Chilpéric s'arrêta avant de poser le pied sur le balcon. Le roi fit volte-face.
— Chilpéric, mon ami, approche ! l'enjoignit-il.
Le Chevalier s'avança et baisa, comme le voulait la coutume, la bague en or du roi à son annulaire droit.
— Votre Majesté. Que me vaut le plaisir de votre demande ?
— J'ai besoin que nous discutions à propos de ton nouveau rôle et des prochaines missions que cela va impliquer.
— Comme il vous plaira.
— Viens, marchons un peu.
Le roi posa une main sur son dos et l'entraîna avec lui.
Ils cheminèrent le long du balcon qui faisait tout le tour du troisième étage du Palais. On pouvait observer, à perte de vue, les contrées sauvages et inhabitées, la chaîne de montagnes lointaine, mais également quelques villages, des champs de pâturage, ainsi que l'immense cité de la capitale. Celle-ci était entourée d'un titanesque mur ovoïde de marbre gris, dont la fondation était encore empreinte de bien des mystères. D'aucuns prétendaient qu'il avait été construit par les dieux eux-mêmes, voilà bien des siècles. Mais depuis combien de temps la capitale d'Ishvard existait ? Pas un seul n'était à même de porter éclaircissement probant sur la question. En tout état de cause, le seul moyen pour un citoyen de la cité de voir au-delà de ce mur était de monter sur le balcon du roi, qui n'était bien réservé qu'à lui seul, sa famille et ses invités de prestige – comme Chilpéric en cet instant qui ne manqua guère profiter de cette incroyable vue.
— Ashtard ne cesse de grandir et de prospérer, mon ami, commença le roi en embrassant la capitale de son bras. Nous n'avons connu de temps de guerre depuis que je suis sur le trône, le sais-tu ?
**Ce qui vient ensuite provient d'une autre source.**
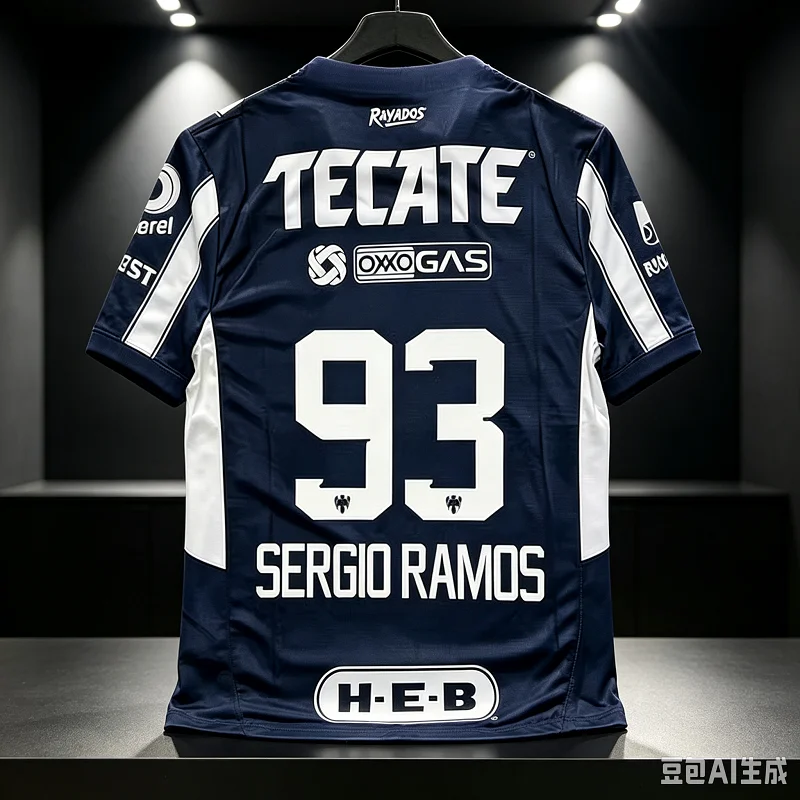 Best-selling New 3D Printed Monterrey Football Jersey for Men and Women, Quick-drying Shirt, Breathable T-shirt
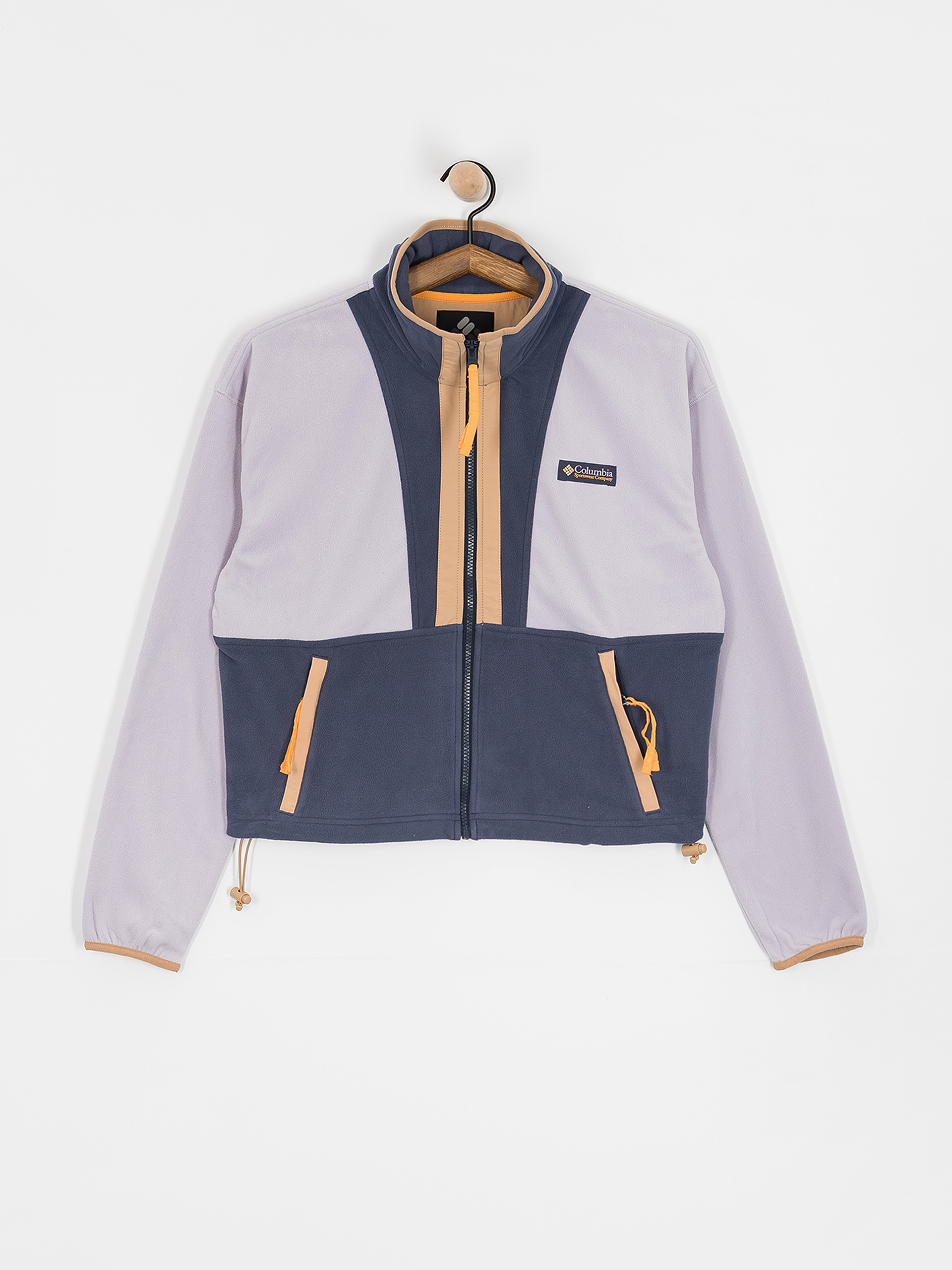 Polar Columbia Backbowl II Full Zip Wmn - fioletowy (lavender pearl)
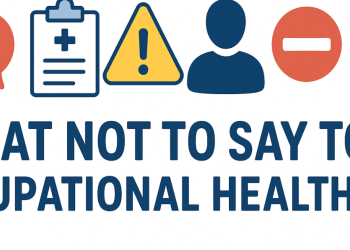 what not to say to occupational health uk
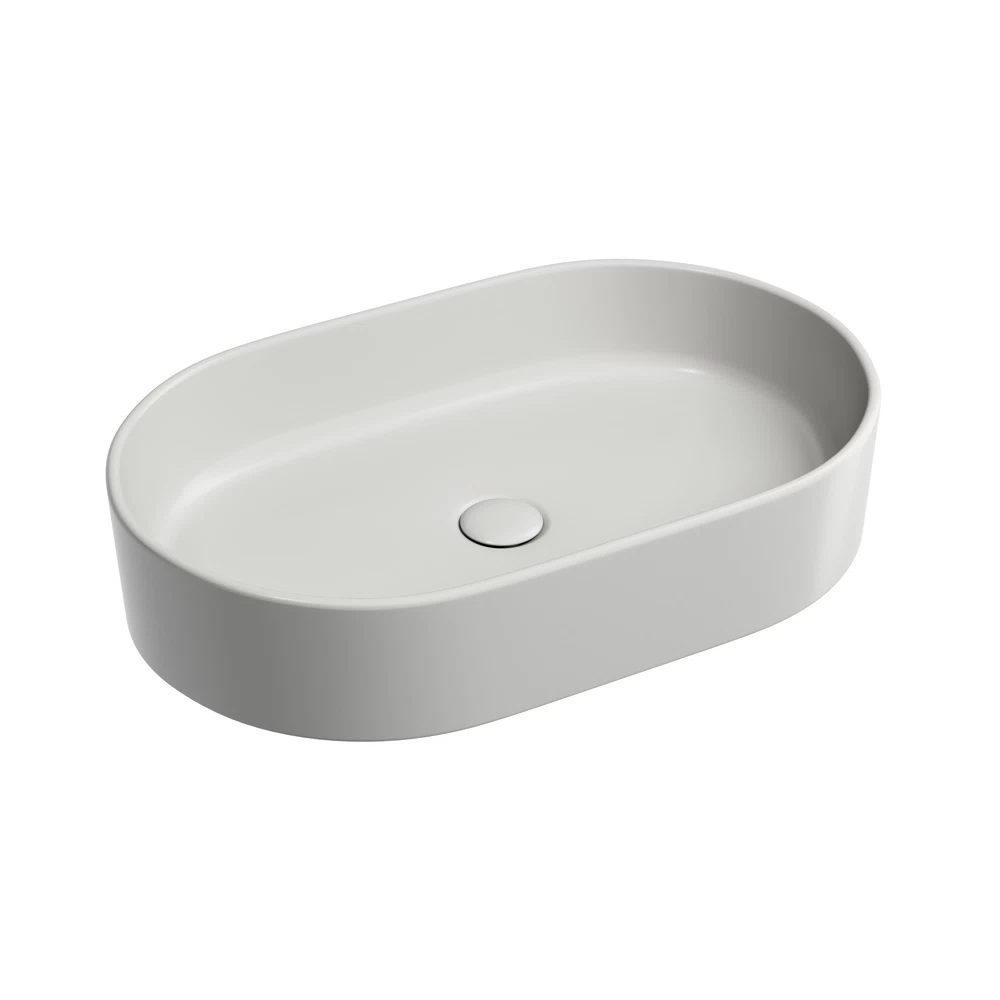 Раковина Ceramicanova Element 61 см накладная серая матовая (CN6048MSG)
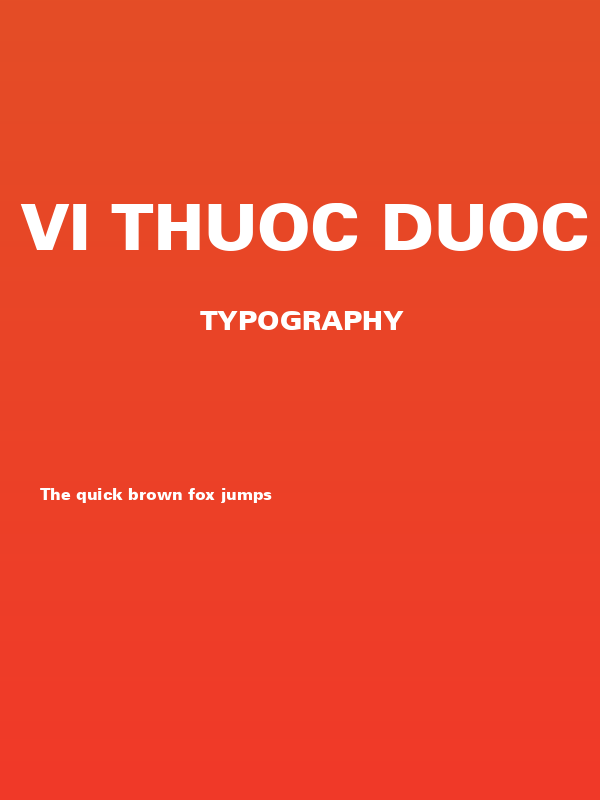VI Thuoc Duoc Poster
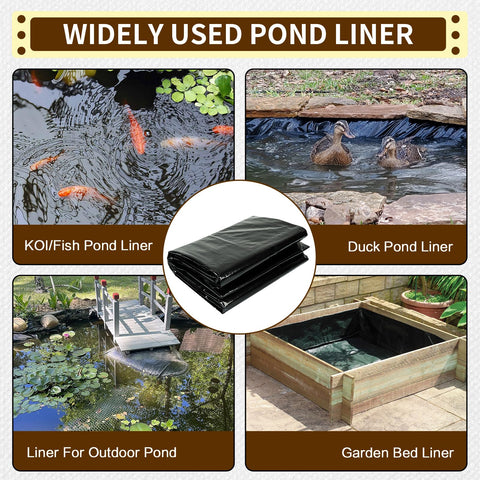 yeezoo raised bed waterproof liner for garden ponds and planters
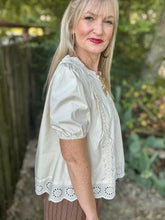 The Everly Eyelet blouse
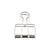 NEU Wire Clips, silber, 19 mm, 6 St�ck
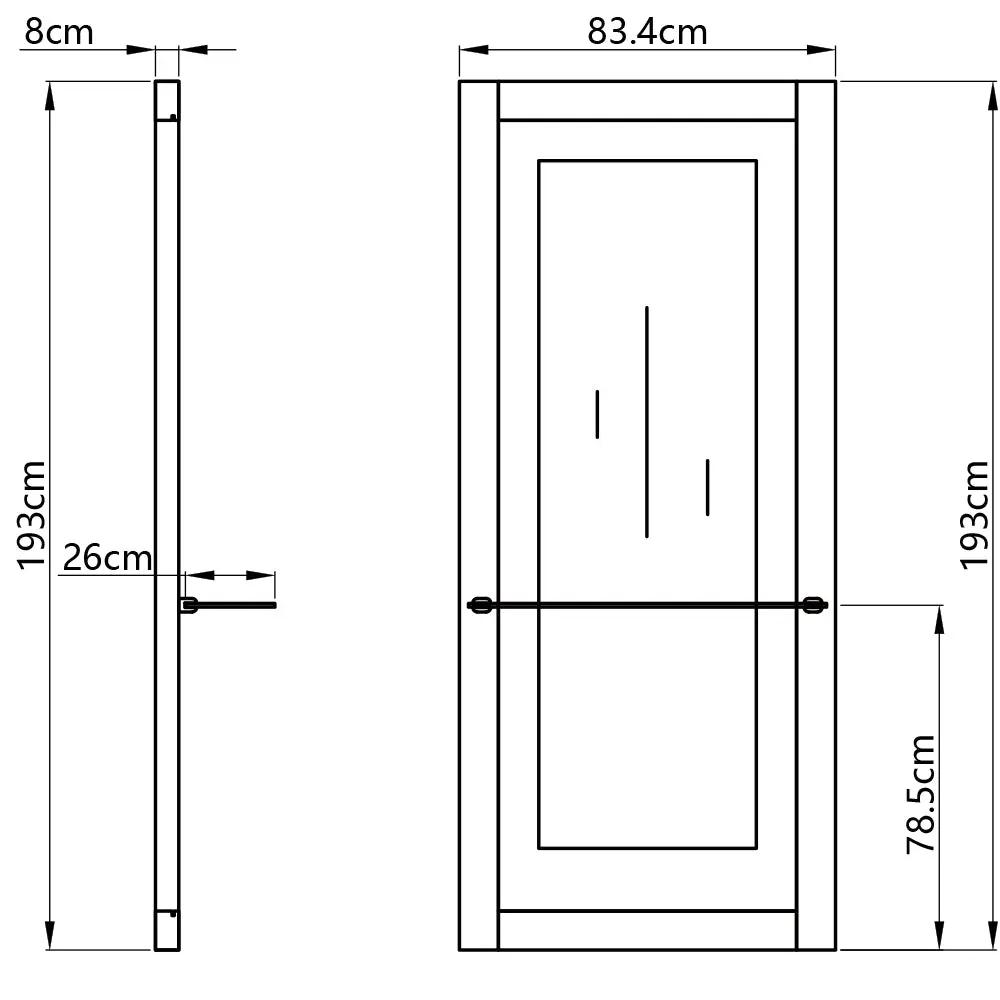 Beauty Salon Styling Station / Unit with LED Salon Mirror - Luna II - DIR Store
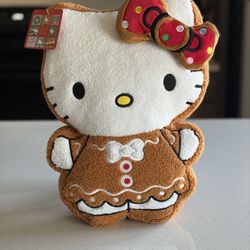 Hello kitty Limited edition Holiday Gingerbread Pillow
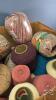 BOX OF YARN AND CROCHET COTTON - 5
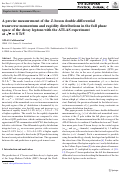 Cover page: A precise measurement of the Z-boson double-differential transverse momentum and rapidity distributions in the full phase space of the decay leptons with the ATLAS experiment at s=8 TeV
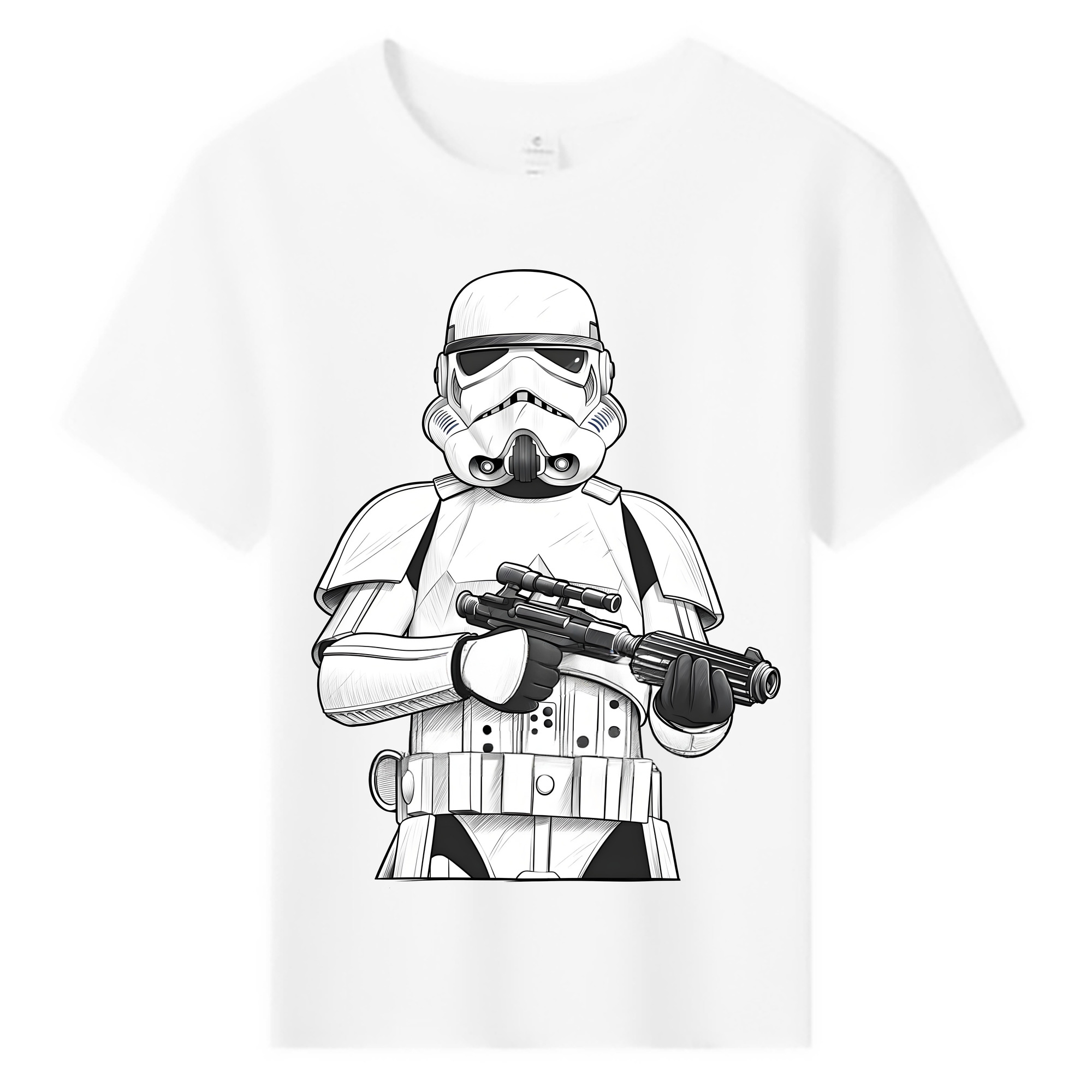 （画像用） スター・ウォーズ Star Wars 綿100％キッズTシャツ（フロントプリント）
— Oui, Sire. Je me souviens que ce fut votre père, Wulfoald II, qui combattit les dernières menaces qui planaient sur l'Humanité, quelque quatre-vingts ans auparavant.
— Oui, mon père nous a offert à tous une ère de paix et de sérénité. Je ne puis qu'en être ravi. Notre cité est riche, les villages sont fleurissants, les citoyens sont heureux et ne se révoltent pas...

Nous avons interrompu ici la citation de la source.